I think this can be answered with reference to the canonical, best selling young adult fantasy novel series, Harry Potter, loved by 12 year old boys all over the world. In fact my son who is 9, has read the whole series twice, I had to put them away so he would read something else.
There is almost no aspect of the Harry Potter setting related in the books that is not immediately engaging to the young mind, both female and male and is instead superfluous. While some details included may not be entirely essential to the plot, I think this series demonstrates that a lovingly crafted, detailed world that is well aimed at its audience will, all else equal, beat a less detailed equivalent. This is not to say you cannot write a good fantasy story a 12 year old boy will appreciate in low-fi, but it probably won't be as good.
I believe that a key part of Harry Potters appeal to the young reader is the carefully developed relationship between the world of Muggles and Wizards. Every young body reading it is accordingly transported out of that actual muggle world he inhabits and the Wizarding world. The fact that Harry starts his journey in the Muggle world and regularly returns to it serves to anchor what is a highly fantastical setting to more mundane events which the 12 year old reader instinctively understands.

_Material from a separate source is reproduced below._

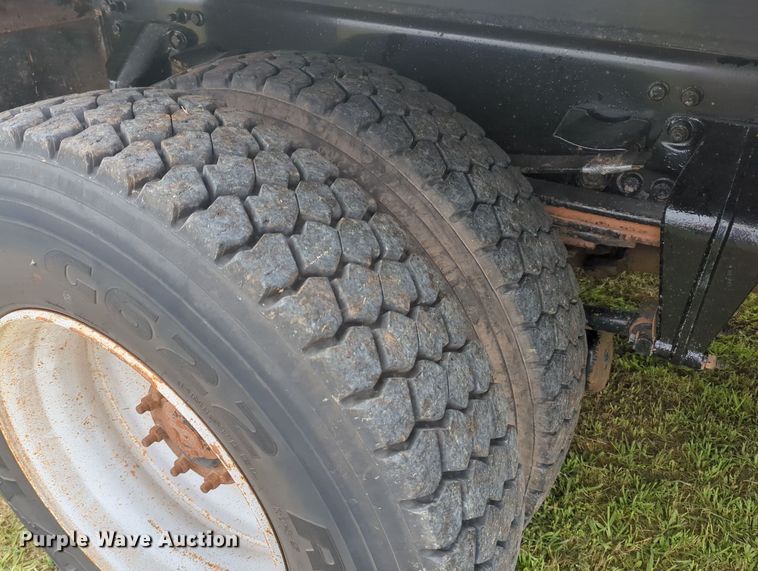 image for item MY9380 2006 Freightliner M2  utility / service truck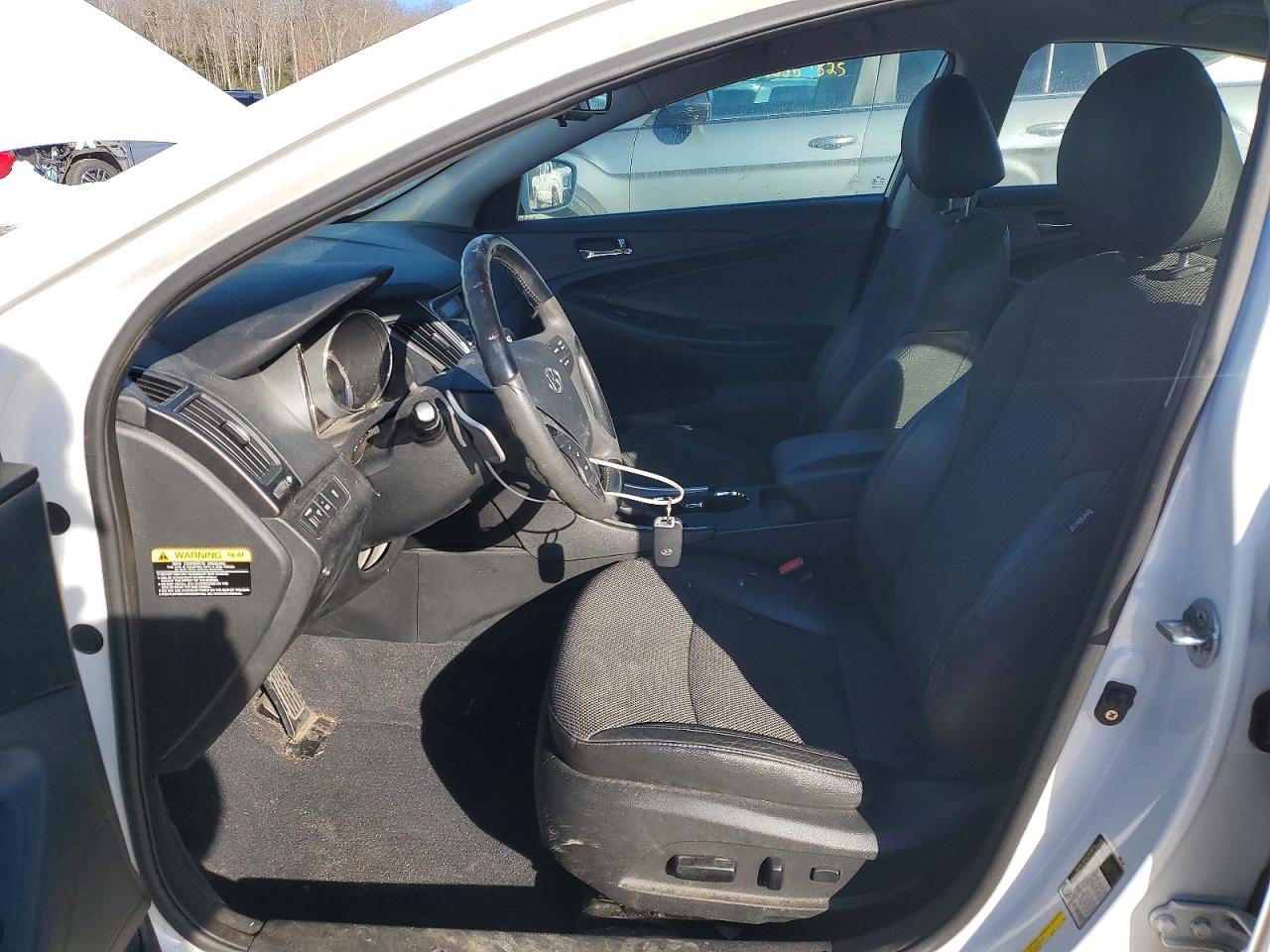 2012 HYUNDAI SONATA SE photo 7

Another key element designed to draw in the young male reader is Harry's sporting activities in the highly dangerous sport of Quidditch.
Finally and most importantly the books carefully develop a series of antagonists which at the beginning of the series are basically schoolyard enemies/bullies and unpopular teachers, immediately recognisable figures of menace to any pre-pubescent child. The way these initially slightly menacing individuals grow into much more real threats throughout the series is very well accomplished.
So with reference to your setting, is there any reason a Fairy cannot use a mobile phone (at least when he or she is present in the mortal plane)? How has interaction with modern man changed the fairy world and economy. I suggest that if you develop a background for the fairy world as it was in the 15th century and then work out how it has co-evolved with the modern world, you can derive an interesting setting.
This is not to say your fairies need to employ technology, but they may have evolved to display certain similarities of culture or economic organisation to that which is familiar in the normal world today (could fairies develop a non technological version of social meida?).
However you do need to find some method of grounding your world on concepts and characters which have traits which are very familiar symbols to your target audience. The schoolyard enemies and friends, the mobile device/tablet and social media, parents and siblings, video games, school/lessons, holidays, figures of authority etc.
These symbols will become more effective where they are integrated carefully into the world building of your setting such that the more potent and recognisable or crucial to the plot the symbol/archetype employed is, the more you invest in the world building behind that aspect.